The economy's performance during 1989 and the forecasts for 1990 reflect a downward trend in economic activity. The degree of the slowdown in growth, however, is still unknown.

The outlook for 1990 indicates a soft landing. According to the January issue of Blue Chip Economic Indicators, the nation's Real Gross National Product is projected to increase by 1.7 percent in 1990. Inflation is expected to hover around its current level of 4.2 percent, while unemployment will hold steady at 5.6 percent. Forecasters anticipate that consumers will increase their spending approximately 2.2 percent, and corporate pretax profits will decline by 1.9 percent. Since the release of the 0.5 percent growth estimate during fourth quarter 1989, firms have continued to revise their 1990 earnings downward.

The performance of the national economy, as usual, will largely depend upon the Federal Reserve's desire and ability to maintain a non-in-flationary and non-recessionary policy. Last summer, the Federal Reserve began lowering interest rates in an attempt to slow the rate of decline in economic activity. Recently, the Fed has indicated that further declines in interest rates are not likely so long as inflation remains at its current level.

The Memphis economy started 1989 on solid ground; but as the growth in employment and spending levels slowed, the year-end performance of the economy reflected below-trend growth. The local economy will continue to be influenced by the lack of momentum in the national economy in 1990.

Economic activity in Memphis is expected to slow during the early part of 1990. The diversity in the employment mix and less dependence upon manufacturing in the local area should provide some protection from the national slowdown expected in the first two quarters of 1990. The Memphis economy has historically had less severe economic downturns than the national economy. The severity of the 1990 slowdown will largely depend upon the resiliency of the construction and manufacturing sectors and the confidence levels of Memphis consumers and businessmen.

The Memphis economy will face problems of corporate and consumer debt and full-employment constraints in 1990.

Discounting the effects of international and federal debt, corporate and consumer debt could have a great impact on the Memphis economy during this year.
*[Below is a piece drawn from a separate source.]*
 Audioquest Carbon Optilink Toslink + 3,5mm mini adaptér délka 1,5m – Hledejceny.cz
The more a company (consumer) relies upon borrowed money, the greater its sensitivity to an economic slowdown.

If Memphis consumers' incomes and business profits decline early in the year, their willingness to take on additional debt will be curtailed. Any prolonged slowdown in spending plans would aggravate an already slow rate of growth expected for this year.

The Memphis economy is entering the year with an historically low unemployment rate. Eight years of job growth and economic development has helped push Memphis into the national spotlight as an emerging southeastern metropolitan area. However, some evidence exists that future job growth may be limited by the absence of a readily available and trained workforce, leaving the prospect that labor-force constraints will restrict new and existing expansion plans.
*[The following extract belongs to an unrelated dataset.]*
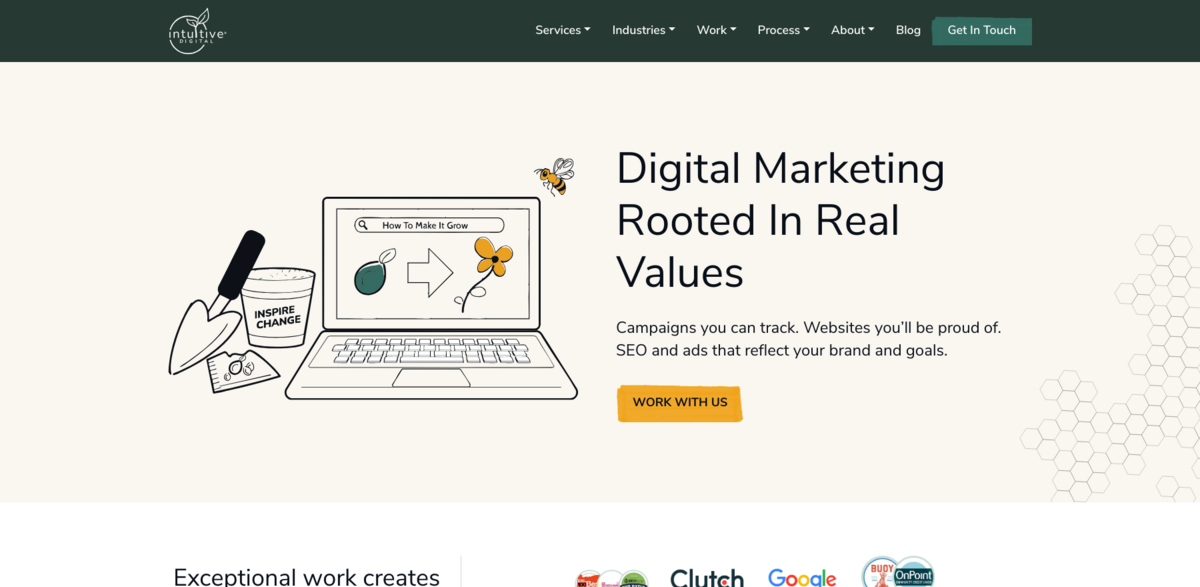 Intuitive Digital marketing agency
Overall, the Memphis economy will most likely be characterized by slow growth during the first half of 1990 and stronger growth in the second half. Expectations of moderate inflation and slightly lower interest rates could help stabilize the local economy in the second half of the year. However, if continued weak consumption and employment constraints persist, the slowdown of the Memphis economy could continue into the second half of 1990. The forecast of a 0.5 to 1.5 percent growth rate for 1990 compared with the 1989 advance of 1.9 percent reflects the slow growth anticipated in the first half of the year and the possibility it could continue throughout 1990.

BUREAU FORECAST-THE NATIONAL ECONOMY: The national economy is projected to achieve growth of around 2.0 to 2.5 percent in 1990. The inflation outlook will remain favorable in the 4.5 to 5.5 percent range, approximating the yearly increase over the past two years. The current Federal Reserve response to inflationary pressures and rising international interest rates makes substantially lower interest rates in 1990 more unlikely. The anticipated range for short-term interest rates f or this year is between 7.0 to 8.5 percent.

BUREAU FORECAST-RETAIL SALES: Nationally, consumer confidence and corporate profit expectations are projected to remain below par. Poor corporate profits and capacity utilization should make business capital investments weak in the 1990 economy. Recent surveys by the Bureau of Business and Economic Research at Memphis State University, however, suggest that Memphis businessmen continue to be more optimistic about the outlook for the Memphis economy than the national economy. If Memphis consumers maintain their spending patterns in 1990, constant dollar retail sales are forecast to increase 2.3 percent in 1990 compared to a gain of 2.6 percent in 1989.

BUREAU FORECAST-EMPLOYMENT: While recent employment cutbacks announced by national corporations may be indicative of further cutbacks to come and may affect major employers in Tennessee and Memphis most Memphis employers will be facing a tight labor market and rising labor costs during the year.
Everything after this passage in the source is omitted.